The book, “Migration in an Era of Restriction and Recession,” focuses on migrant policies in countries including Peru, Turkey and Mexico. It was co-authored by experts from around the country and sponsored primarily by immigration-related programs at the University.
Students and researchers will have online access to the book and will be able to purchase and download individual chapters, said David Leal, a government professor and co-author.
“Readers will be able to get a broad view about what’s happening with migration, what’s happening with restriction in the larger context, but also what’s happening to return migrants, which is an increasingly important part of the story in this era of mass deportation,” Leal said. “[The U.S.] is deporting about 400,000 people per year.”
The idea for the book came after a 2009 conference with the same name, and the topics discussed in the book are still relevant seven years later, Leal said.
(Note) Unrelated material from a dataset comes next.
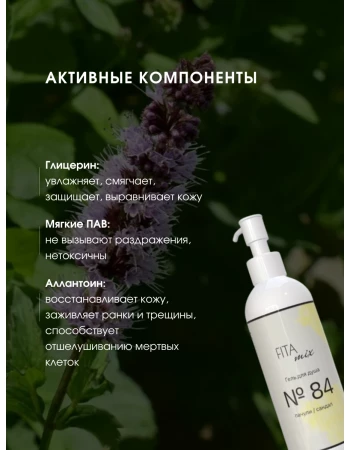 Гель для душа № 84 пачули / сандал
“At the same time that we are admitting more, especially skilled people into the country, we’re also deporting more people than ever before,” said Nestor Rodriguez, a sociology professor and co-author. “We have kind of a revolving door. While the U.S. has admitted many immigrants — more than any other country in the world — we have a long list of restrictive policies.”
Immigrants used to be able to work seasonally and return to Mexico, but when border security tightened, the cost to return to the United States increased from $50 in the 1940s to $6,000 today, Rodriguez said.
“[In the ’60s], about 70 to 75 percent of migrants from Mexico to the United States would return to Mexico,” said Bryan Roberts, a sociology professor and co-author. “As you came up to the end of the ’90s, you’re now seeing the reverse. [One of the reasons is] the shift in the American economy away from agriculture work as seasonal work … and increase in work in services in the cities.”
The book highlights the benefits of working with multiple authors and editors, Leal said.
“This kind of project helps to show the value of these kinds of collective projects,” Leal said. “By bringing teams together — people who have different methodological approaches, people who have different areas of knowledge, people who just have different approaches to doing projects — I think we really are able to create a nice project.”